The user may be given the option to perform another semantic search or another type of search (e.g., a lexical search using second search engine 110). According to one embodiment, the user is given an option to search within semantically relevant documents where the semantically relevant documents are the documents identified in semantic search result 209 or otherwise identified from the semantically relevant snippets. The user enters another search query, for example, a lexical search query 212. If the user selects to search within the results of the semantic search, UI 104 formulates a request 214 to second search engine 110 that includes the user's query parameters with constraints to limit the search or search results to the documents identified in semantic search results 209. For example, request 214 may include the document IDs included in the snippets returned in search result 209. Second search engine 110 searches document corpus 102, constraining the search results to the documents identified in request 214. Second search engine 110 returns a response 216 to UI 104 that includes the search results, which UI 104 displays to user 105 (output 218).

In some embodiments, a user may perform multiple searches in the context of a defined logical flow, such as a search session, conversation, or a dialog. According to one embodiment, if user 105 performs a first search and then, in the context of a defined logical flow, submits another search query, document analysis system 100 performs the new search within the scope of the documents returned by the prior search, even if the prior search was a different type of search. Thus UI 104 (or other component of document analysis system 100) can scope a new search to the documents referenced in prior search results, either automatically or based on user selection. The user can thus seamlessly switch between semantic search and other types of searches in a defined logical flow.

FIG. 3 is a diagrammatic representation of one embodiment of a document analysis system 300. Document analysis system 300 executes on a processor 301, which, in some embodiments, comprises a plurality of processors of a plurality of computers that execute code to provide a document analysis system. The code is embodied, in some embodiments, on a non-transitory, computer readable medium.

Document analysis system 300 supports various types of search technologies for searching a large corpus of documents 302. Document corpus 302 can comprise documents stored on a variety of storage technologies, including across heterogeneous storage technologies (e.g., stored on remote or local databases, remote or local file systems, cloud stores or other storage technologies). As will be appreciated, to support semantic search, documents may be embedded as vectors.

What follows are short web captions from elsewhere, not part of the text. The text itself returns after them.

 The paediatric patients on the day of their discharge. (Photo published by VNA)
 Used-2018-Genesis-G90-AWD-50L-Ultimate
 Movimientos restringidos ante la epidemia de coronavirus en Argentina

Even more particularly, documents may be broken down into more manageable chunks and each chunk embedded as a vector.

In the embodiment illustrated, document analysis system 300 includes a user interface 304 through which a user 305 can interact with the system, a dialog orchestration engine 306, a review service 308, a semantic search engine 310, a semantic embedding engine 312, a dialog engine 314, an LLM 316, and a document search engine 318. According to one embodiment, document search engine 318 is a lexical search engine that searches on metadata fields and, in some systems, document content for literal matches of words, terms, phrases or variants to identify documents and returns the documents that meet the logical constraints specified in the search.

Document analysis system 300 includes a text store 320, a snippet store 322, and an embedding store 324 for storing data related to searching document corpus 302. Each of text store 320, snippet store 322, and embedding store 324 comprises a file system, a database, or other storage technologies or combinations thereof. While illustrated separately, two or more of text store 320, snippet store 322, or embedding store 324 may represent portions of the same data store.

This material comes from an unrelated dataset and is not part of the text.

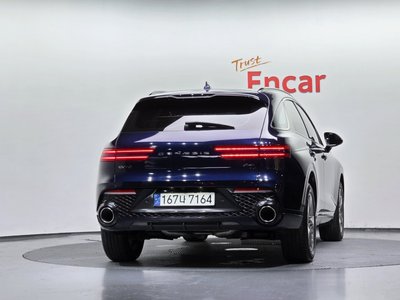 صورة 4 لـ 2021 Genesis GV70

In some embodiments, one or more of semantic search engine 310, semantic embedding engine 312, or LLM 316 are provided by a third party. Further, document analysis system 300 may include additional or alternative services. Thus, for example, a request illustrated as flowing from one component to another in FIG. 4A or FIG. 4B below may be processed and conditioned by one or more intermediate services between the components.

User interface 304 allows user 305 to submit queries to dialog system 300 to search corpus 302 and to prompt generative AI (e.g., LLM 316) to perform various generative operations with respect to documents in document corpus 102 including, but not limited to, answering questions using content from document corpus 102. In some embodiments, user interface 304 supports different search technologies, including, for example, lexical searching and semantic searching, different semantic search engines or the like.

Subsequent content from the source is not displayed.